Sunday, November 27, 2005


Arab Christians and Relations With the West

By Jonathan Kuttab for MIFTAH
November 26, 2005

Arab Christians have always been an integral part of Arab Society. Yet in the confrontations between the Arab world and the nominally Christian West, Arab Christians have been uniquely situated to play a vital role. Ever since the West became intimately involved in the affairs of the Arab World, starting from the Napoleonic campaign, through the period of colonialism, and independence, the Zionist enterprise and the State of Israel, and continuing through the current "war on terrorism" they continue to hold a unique position.

Arab Christians do have a greater understanding of the West, its languages, culture, politics, and methods. Through certain shared knowledge, as well as important connections, as well as the education of their children in the West, or in Western Christian missionary institutions, Arab Christians have been better able to understand, appreciate, and ultimately resist the political influence of the West and its attempts to dominate their homeland.

Those who expected (or accused) Arab Christians of siding with the "Christian" West, and of being a "fifth column" or Trojan Horse for the outsiders, were consistently proven mistaken. To the contrary, the unique position of Arab Christians, with their knowledge and understanding of the West have always been used to promote the interests of the Arab world and press for its positions at every turn of the road. Even Christian institutions that were created by missionary funds and efforts (such as the American University of Beirut) turned out to be hotbeds of Arab nationalism and think tanks for creatively promoting the interests of the Arab World in confronting the "Christian" West. Arab Christian institutions, such as schools, hospitals, and NGOs, which are often funded by Christian churches in the West, continue in the same tradition to promote the interests of their people, especially in the face of invasion, occupation, or aggression by the West.

Part of the reason for this, of course, is that there was nothing religious, or Christian about the onslaught of the West. Arab Christians were cognizant from the beginning that they were facing colonial and imperial interests which threatened their societies and that wanted to dominate its resources and populations for purely secular gain. Therefore, they saw no more contradiction in fighting off these forces than the original Christian Arabs saw in the need to fight the European Crusaders, who, incidentally, wreaked havoc with Arab churches and subjugated local Christians no less than their Moslem co-nationalists.

This history is well worth remembering in the current context when again the confrontation between the Arab World and the West utilizes religious terms and is presented as a struggle between Western Christianity and Islam. To be sure, much of the political effort of Arab Christians found expression in secular nationalism, for which they were early pioneers and zealous advocates.
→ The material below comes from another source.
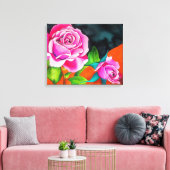 Roze rozen met oranje hedendaagse waterverf canvas afdruk (Insitu (Woonkamer))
From George Antonious (the Arab Awakening), Albert Hourani, Michele Aflaq, and George Habash to Edward Said, Arab Christians have been prominent leaders and thinkers and activists in the Arab Nationalist movement. One of the tenets of that movement has always been setting aside religion as a matter of personal choice, and insisting on equal responsibility of Christians and Moslem in the national enterprise. The slogan was "Religion belongs to God, but the homeland belongs to all". While Arab nationalism was not anti-religious in its secularism, it was always emphatic in acknowledging the equality of Christians and Moslems, and the need to leave religion to the spiritual sphere.

Arab Christians recognized that their societies were culturally and socially Moslem and participated in that culture, dreaming with their fellow countrymen of a revival of a modern, relevant, vibrant, tolerant form of Islam.

As secular Arab nationalism suffered great defeats in its struggle against the West and Israel, and as Arab regimes professing to champion that ideology turned into ineffective and corrupt dictatorships, political Islam became increasingly a significant force, and presented itself as an alternative. Of course Arab Christians could not partake of this new movement, and viewed it with deep distrust, but they remained loyal to their nationalism and to their societies.

Their efforts are now needed more than ever, both by their own communities and the West. It is needed by the West to counter those who wish (for their private reasons) to turn the current "war on terrorism" into a religious war between the Christian or the Judeo-/Christian world, and Islam and the Moslems. Their efforts are needed to utilize whatever knowledge or connections they have to explain the Arab point of view to the West in terms the latter can understand and appreciate (human rights, international law, etc.). They are also needed to explain to their own communities what they know about the West, its values, and its institutions.

There are enough negative stereotypes and ignorance in both communities about the other, and in the current poisonous atmosphere, such ignorance, stereotypes, and negative perceptions are extremely destructive. Arab Christians are able to play that very important role today, precisely because of the authenticity of their loyalty and organic belonging to their society- an identification and identity that is centuries old, and which has proven itself under much more trying circumstances in the past.

Jonathan Kuttab is a Jerusalem-based Palestinian human rights lawyer and peace activist. This article is published in partnership with the Common Ground News Service (CGNews).